Tuesday, 23 December 2014

Raffaele Imperiale - Making Bread the Old Fashioned Way

Raffaele Imperiale - Making Bread the Old Fashioned Way

Sally's bicycle bread.

It’s been a long time since I’ve baked bread using no implements but my hands, a wooden spoon, and an oven. That's because marvelous inventions over the last few decades mechanized home bread baking. Appliances such as the KitchenAid mixer with its dough hook, and countless versions of bread baking machines, took the muscle out of baking bread, and I believe, much of the joy. After having used these inventions for many years, I am now afraid I may have lost the ability to make an exquisite loaf of bread the old fashioned way, even though I try to assure myself that I couldn't possibly have forgotten how, just as they say you never forget how to ride a bike.

Baking Bread the Modern Way - Did I Forget How To Use My Hands?

I succumbed to this modernization a number of years ago, when my daughter was young and I began to bake bread for a small home business. My father-in-law bought me the most magnificent time saver in the world, the KitchenAid mixer. There wasn't (and still isn't) anything that machine can't do. It kneads bread, grinds meats, slices and dices vegetables, makes ice cream and pasta, and more. I used it then to mix and knead big batches of white bread, rye bread, whole wheat bread, cinnamon raisin bread, challah, pumpernickel, monkey bread, sour dough, and well, I forget the others. It was a long time ago.

Later in my life, after my daughter was on her own, I started traveling for my job. Being away from home for three to five days a week, I seldom used the KitchenAid for an inspired cooking session of any kind. Then, bread was in my house only by the graces of the bakery. But my mother missed my home-made breads, and gifted me with a new-fangled bread baking machine, which I loved. But unlike the KitchenAid, the bread baking machine malfunctioned after a few years, and I was back to the bakery.
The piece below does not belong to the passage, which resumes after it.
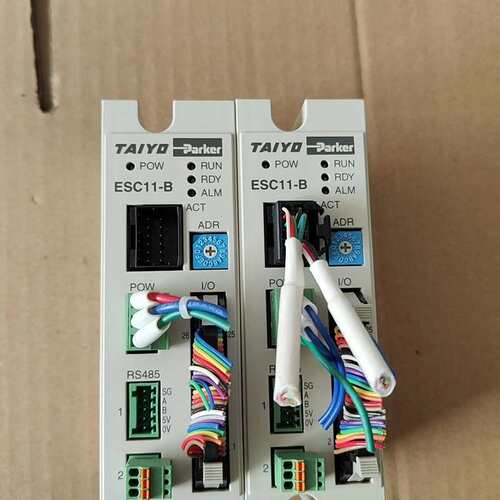 议价太阳铁工电动手指驱动器ESC11-BESC11-AESC11-C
Even though I found a number of store-bought breads I liked, I eventually tired of them. I now longed for the old fashioned breads I used to make by hand. I missed the smell of yeast as it awakens and the fragrance of a fresh loaf pulled from the oven. I missed the rhythmic motion of kneading, letting my mind go free as my hands sank into, pushed, and turned the warm raw dough. Odd as it may seem, I even missed cleaning up the mess that home-made bread baking always leaves behind.

A few days ago, I decided it was time to get back to basics. I bought yeast and eggs. I had butter, flour, salt, and sugar on hand, and there was no store-bought bread in the house to fall back on. I was ready!

Conquering the Fear of Hands On

But I wasn't quite ready. Fear washed over me as I doubted my ability to pull this off. It had been such a long time. What if I kill the yeast with water too hot? What if I've forgotten the feel of dough when it is at just the right consistency for shaping and baking? What if, in this cold and dank season, I can’t find a warm place for the yeast to work? What if my timing's wrong? What if, what if, what if?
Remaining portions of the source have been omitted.